Murder with Music by Frederic A. Birmingham[3]

It is very difficult to sing while you are being choked to death. So thought Fogarty as he heard her upstairs, singing to herself in that hateful, trilly soprano. This evening would do as well as any other. It isn’t every suburban community that can boast a good old-fashioned strangling.

There were better ways, but Fogarty found himself liking the whole idea of watching her bright eyes grow dim as he stilled that lovely voice forever. He was not afraid. His alibis were set in advance. After it was done, he could merely slip out of the house and it would be morning before anyone found out what had happened. He had made it a habit to stay out all night every so often, and the neighbors — the only ones who could possibly see him — were too dulled by routine to remember anything even if it happened before their very eyes. They could never trace him even if they saw him. He knew every alley and vacant lot for miles around. He had made it his business to find out.

She would be taking her nap soon: this was the time. Her daily nap! Fogarty bristled at the thought. No concern for him, or what he might want to do, or need to have done for him. She was delicately formed, her voice was precious, and it had become obvious to him all too soon that her interest in him came afterwards.

It hadn’t always been that way. Fogarty could remember the time when they delighted in being together, when it was enough to sit there for hours just looking at each other, and wondering about the other’s thoughts. That had been a happy beginning, before everyone who knew them was captivated by her skittish little marks of friendship, her radiant pleasure in even the smallest attentions, and the soaring beauty of her voice. Even Fogarty had been taken in by her voice, at first. But now he knew that she lived only for that magic thing in her throat. Even his own friends shuffled him off quickly now for the sake of spending time with her, as if a set of vocal chords meant more than Fogarty’s almost perfect male perfection and the many romances thereof. Well, her indifference to him, her incredible vanity, and her insatiable love of attention, would cost her the life that she loved so well.
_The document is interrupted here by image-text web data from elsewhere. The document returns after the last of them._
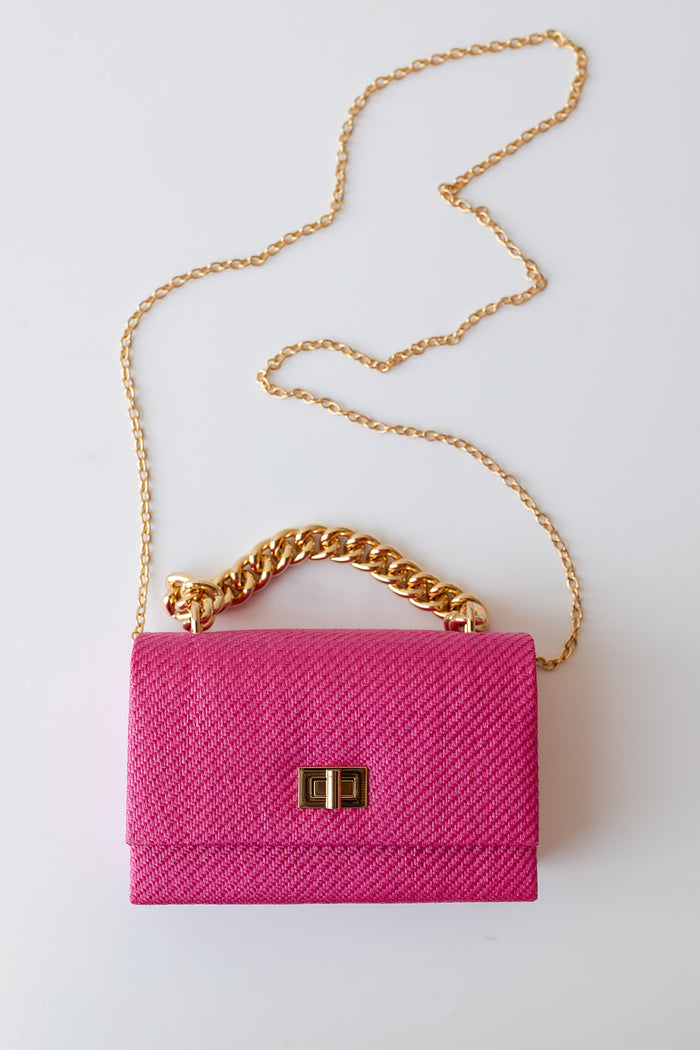 mode, sorrento mini bag, pink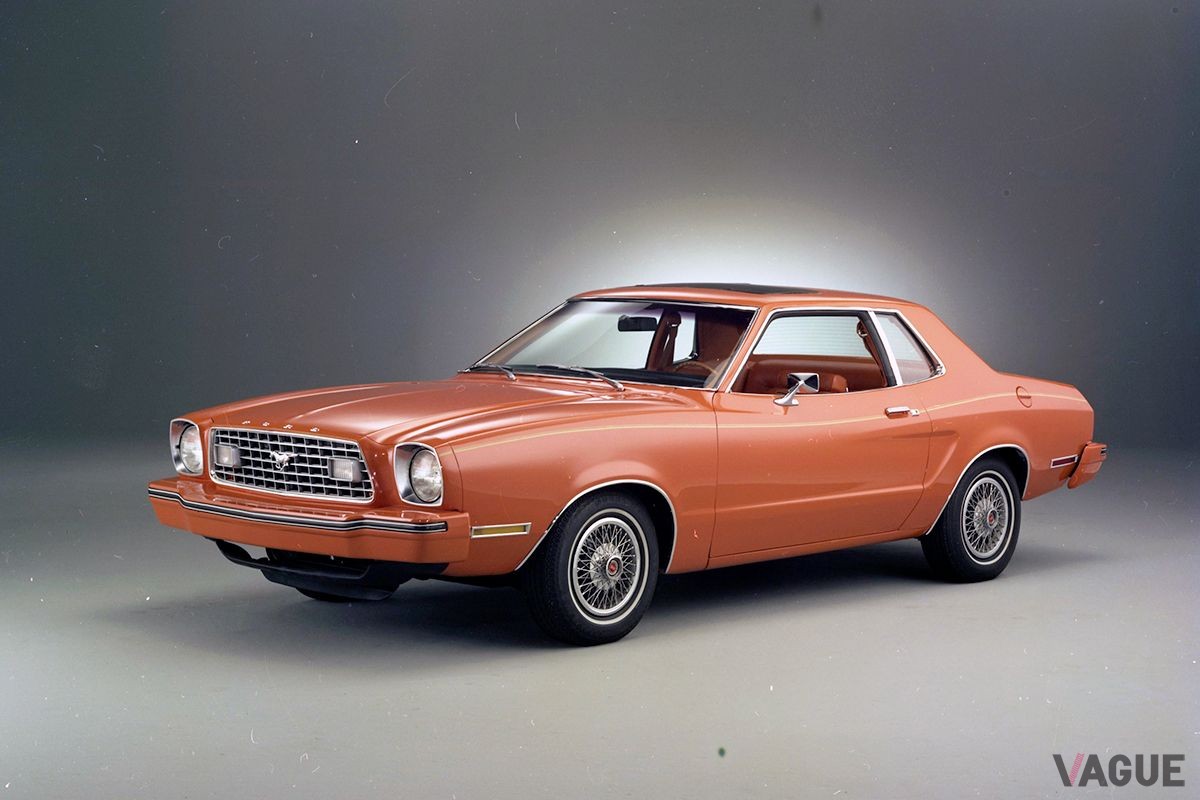 1978年型「マスタングクーペ」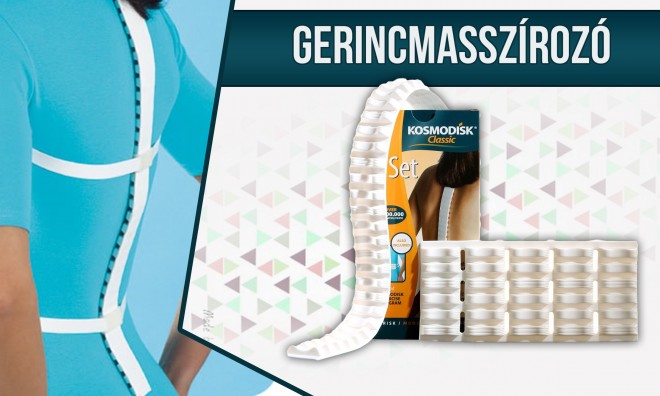 Kosmodisk gerincmasszírozó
Fogarty waited until he was sure that she must be asleep, and then he started carefully up the stairs. If she awakened, what matter? He could be looking about for any commonplace reason, and put off her punishment. But he wanted to do it now.

The stairway was visible to the house next door, through a window on the landing, and as he passed it, Fogarty flattened himself against the wall, and crouched down below the line of visibility. No use being seen by some unthinking fool with a wandering eye. Worse if Smudge, the noisy cocker spaniel who belonged next door and never strayed very far from home, were to see him and start his infernal yapping. Fogarty could get along very well without Smudge, too.

He cleared the landing and approached the bedroom door, stealthily. It was slightly open. For all his size and strength, Fogarty could walk as silently as a kitten when he wanted to, thanks to the long training in his lithe, perfectly responsive body. He glided in.

She was asleep. He saw that as he came slowly across the room.

He stood over her for a moment, very near. When he struck, he wanted to strike hard, he wanted it over with as quickly and brutally as possible, without any fuss and feathers, without any outcry.

It is too bad that in that moment there was no pity in Fogarty’s hard eyes. It is too bad that one cannot say that some human warmth or feeling of remorse or some remembrance of love did not flick across his mind and stay him. But there was none. Fogarty was cold with hate as he measured her throat with his eyes. There was the place to strike, there, near the marvelous voice that had driven him to this, the voice that would never be still until now. There was the place where the voice and the breath came together.

Now!” something inside shrieked to Fogarty, and he reached out and took her in a terrible grip that surprised even himself with its power for death.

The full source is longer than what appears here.